WHAT IS REQUIRED -
Beginning with the line of the entries below that holds "Mom Of A Little" and ending with the line that holds "DUNLOP - Pvc", transcribe each line exactly as written. Pictures stay out.

EXTRACTED RECORDS -
──────

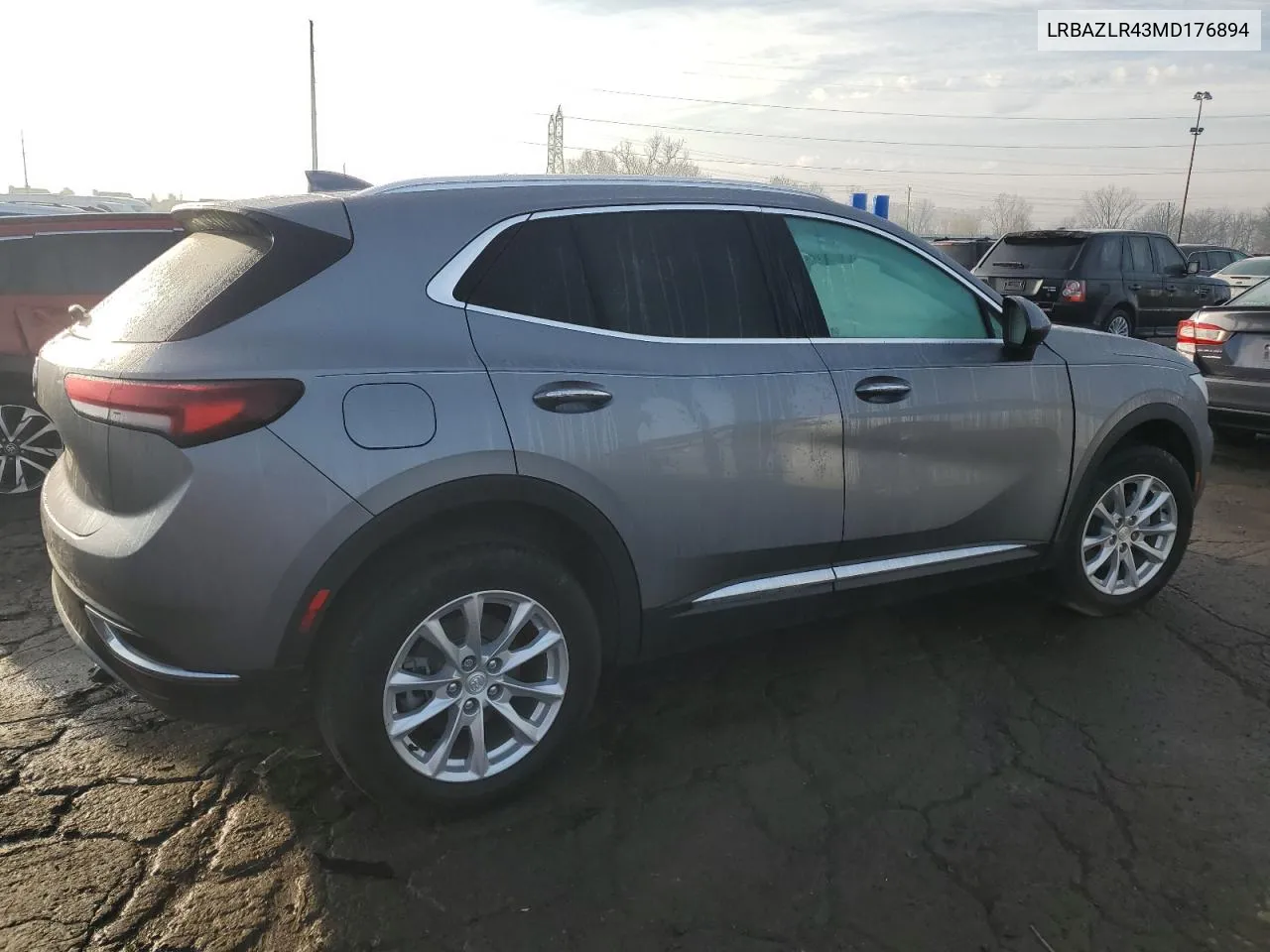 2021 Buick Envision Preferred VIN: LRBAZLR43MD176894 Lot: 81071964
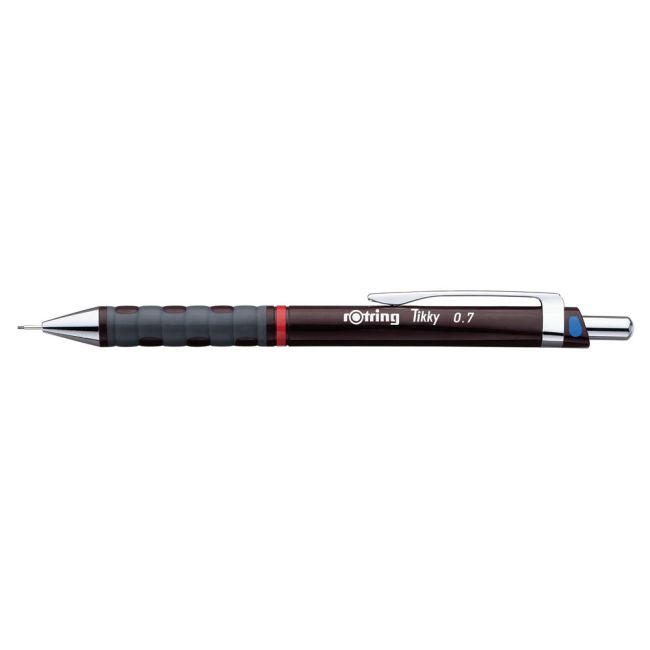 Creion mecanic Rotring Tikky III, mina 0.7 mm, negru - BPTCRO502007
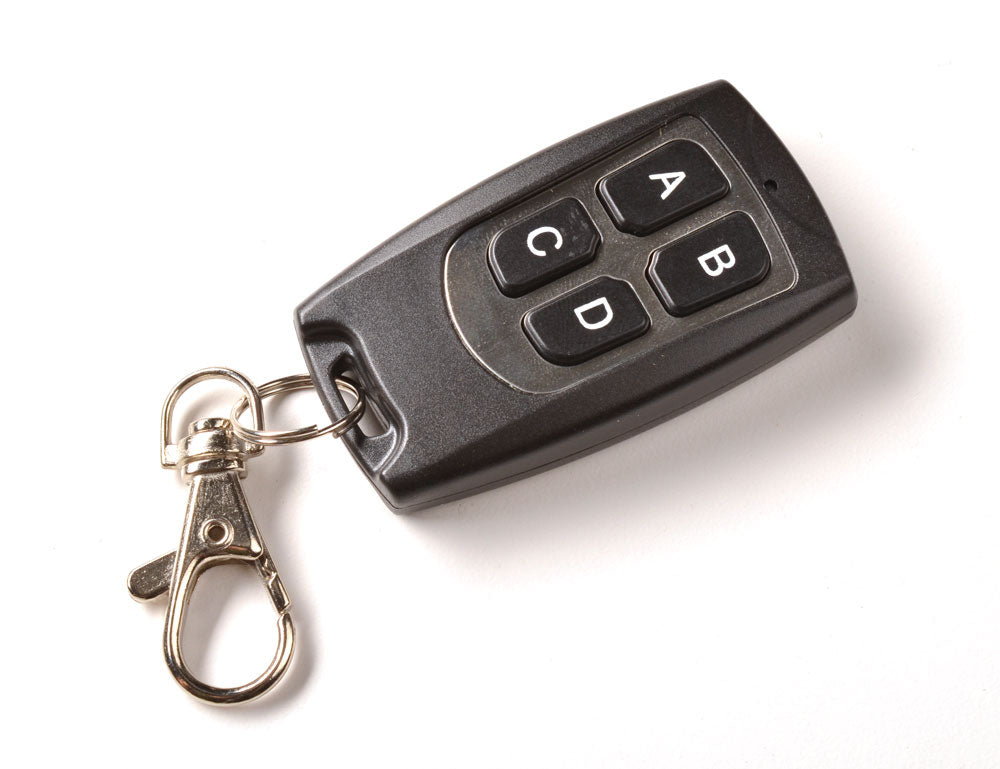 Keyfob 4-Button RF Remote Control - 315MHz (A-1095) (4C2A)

──────

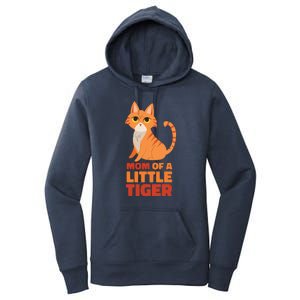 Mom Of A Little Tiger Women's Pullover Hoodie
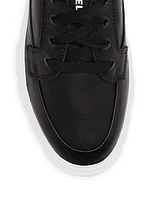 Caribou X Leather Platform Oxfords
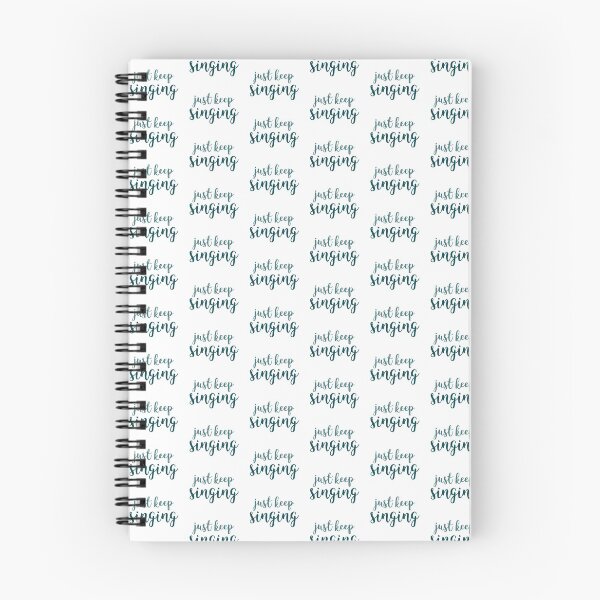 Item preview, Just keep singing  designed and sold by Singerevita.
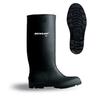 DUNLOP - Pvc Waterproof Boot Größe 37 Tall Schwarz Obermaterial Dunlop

──────

ANSWER TO THIS TASK -
 Mom Of A Little Tiger Women's Pullover Hoodie
 Caribou X Leather Platform Oxfords
 Item preview, Just keep singing  designed and sold by Singerevita.
 DUNLOP - Pvc Waterproof Boot Größe 37 Tall Schwarz Obermaterial Dunlop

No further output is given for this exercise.